Ich habe mal ein Buch über die Geschichte des Satans in den historischen Religionen gelesen. Ein Kapitel habe ich noch gut in Erinnerung. Es beschreibt, wie sehr Religionen von ihrer Umgebung geprägt wurden. Wüstengegenden haben mehr Monotheistische Religionen erzeugt (dort ist auch nichts), und eine einzige übermächtige Macht wurde dort schnell konstruiert.
Währenddessen haben bewaldete, vielfältige Landschaften häufig Religionen mit einer Vielzahl von Göttern, Feen, Waldgeistern gefördert.
Aber wie sieht unsere Umgebung heute aus? Eine technisierte Welt, ohne jeglichen Bezug zur realen Umwelt. Fragen kann ich schnell meinem Rechner stellen. Die Antwort, die ich dort aus diversen Quellen herausziehe, kann ich übernehmen und weiter verbreiten.
Ich beobachte immer häufiger, dass sekundäres Wissen - das heißt Wissen, das nicht auf meiner eigenen Erfahrung beruht, eigene Erfahrungen verdrängt. Wie unreflektiert kann ich mir die fremden Positionen aneignen? Wie sehr kann mich eine kommerzielle Software beeinflussen?
Google spuckt individualisierte Suchergebnisse aus, die nach automatischen Berechnungen automatisch meinen Präferenzen entsprechen sollten.
Ich kann mich allerdings noch an die Zeit vor Google als Weltmacht erinnern. Da habe ich teilweise viel Zeit damit verbracht, Links in Suchmaschinen zu sichten, die in diversen Sprachen erstellt waren, für mich überraschende Informationen enthielten.
Mittlerweile spielt iTunes eher Musik, die meinen Vorlieben entsprechen könnte (manchmal habe ich das Gefühl, auch lieber Musik, die in iTunes gekauft werden kann), Google schickt mir die Links in meiner Sprache und meiner Filterbubble entsprechend. Mir wird weder in die Facebookstartseite, noch sonstwo Politik hereingespült, die ich ablehne.

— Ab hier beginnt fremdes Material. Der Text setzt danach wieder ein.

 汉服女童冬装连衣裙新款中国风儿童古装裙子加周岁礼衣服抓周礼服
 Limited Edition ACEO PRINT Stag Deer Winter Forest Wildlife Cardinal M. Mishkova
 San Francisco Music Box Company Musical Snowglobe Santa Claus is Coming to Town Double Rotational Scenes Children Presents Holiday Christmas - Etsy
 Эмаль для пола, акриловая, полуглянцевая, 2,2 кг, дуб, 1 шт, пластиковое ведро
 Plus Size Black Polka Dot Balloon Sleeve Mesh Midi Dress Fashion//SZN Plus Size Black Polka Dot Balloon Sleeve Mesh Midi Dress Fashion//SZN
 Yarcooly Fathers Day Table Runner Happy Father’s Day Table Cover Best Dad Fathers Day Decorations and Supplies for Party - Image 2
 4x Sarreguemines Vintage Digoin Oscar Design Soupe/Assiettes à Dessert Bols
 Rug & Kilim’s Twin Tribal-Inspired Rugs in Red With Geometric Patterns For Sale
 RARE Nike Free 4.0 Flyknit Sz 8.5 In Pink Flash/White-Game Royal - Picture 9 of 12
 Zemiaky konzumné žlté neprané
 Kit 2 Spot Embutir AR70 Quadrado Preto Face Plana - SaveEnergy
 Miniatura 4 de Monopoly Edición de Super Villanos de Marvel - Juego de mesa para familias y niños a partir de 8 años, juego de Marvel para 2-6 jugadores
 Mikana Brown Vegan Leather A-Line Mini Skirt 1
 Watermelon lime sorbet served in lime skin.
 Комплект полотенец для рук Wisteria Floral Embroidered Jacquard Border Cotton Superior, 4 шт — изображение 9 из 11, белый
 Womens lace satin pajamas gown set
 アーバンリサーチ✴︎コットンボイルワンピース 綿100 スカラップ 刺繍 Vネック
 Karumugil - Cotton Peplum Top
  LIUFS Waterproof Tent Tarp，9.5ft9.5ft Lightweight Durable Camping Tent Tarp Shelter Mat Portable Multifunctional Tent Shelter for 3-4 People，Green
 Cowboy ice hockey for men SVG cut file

Aber wann ist es soweit, dass diese Automatismen auch die praktische Welt beeinflussen. Wenn die Polizei oder andere Ermittlungsbehörden auf Berechnungen zugreifen, die eher zum Erfolg führen. Dann haben die Menschen, die die Programme schreiben, mehr Möglichkeiten auf Ergebnisse Einfluss zu nehmen, als die ermittelnden Beamten.
Sind die Filtervoraussetzungen für die Auswertung so gesetzt, dass sie neutral zu Ergebnissen (welchen auch immer) führen können, oder sind diese mit Vorurteilen durchsetzt? Wenn bei sonst gleichen Voraussetzungen ein gewisses Merkmal wie Hautfarbe, Tattoos, bestimmte Musikvorlieben und vieles mehr verstärkt herausgepickt werden, fängt eine automatische Auswertung von massenhaft gesammelten Daten gefährlich. Denn sie prägt das Bild dieser Leute in der Öffentlichkeit. Wird eine bestimmte Gruppe weniger überprüft, als eine andere, wird in der überprüften Gruppe auch mehr gefunden.
Bei den ITlern wird häufig die Formulierung "Magie" benutzt, um Vorgänge zu beschreiben, die nicht computerversierte Menschen nicht verstehen. Die Letztere mit Ehrfurcht betrachten, und sich oft nicht mehr trauen, in Frage zu stellen.
Dann sind Ergebnisse aus automatischen Auswertungen bequem wie Fastfood. Und genauso ungesund. Die Menschen wissen, dass sie das besser nicht nutzen sollten, tun es aber trotzdem, weil es Zeit spart. Sobald Convenience-Systeme etabliert sind, ist die Zeit für andere Dinge reserviert, so dass ein Absprung davon einen noch extremeren Aufwand bedeutet. Die Mechanismen, die diese Daten erheben, müssen automatisiert werden. Mehr Kameras, mehr Software, die die Datenberge auswertet, mehr Personaldaten, Gesundheitsdaten, Bewegungsdaten ...
Ich will, dass sich mehr Menschen mit den Dingen beschäftigen und Wissen erlangen. Ich möchte nicht, dass die ersten erst dann aufwachen, wenn wir eine neue Religion der totalen Überwachung etabliert haben.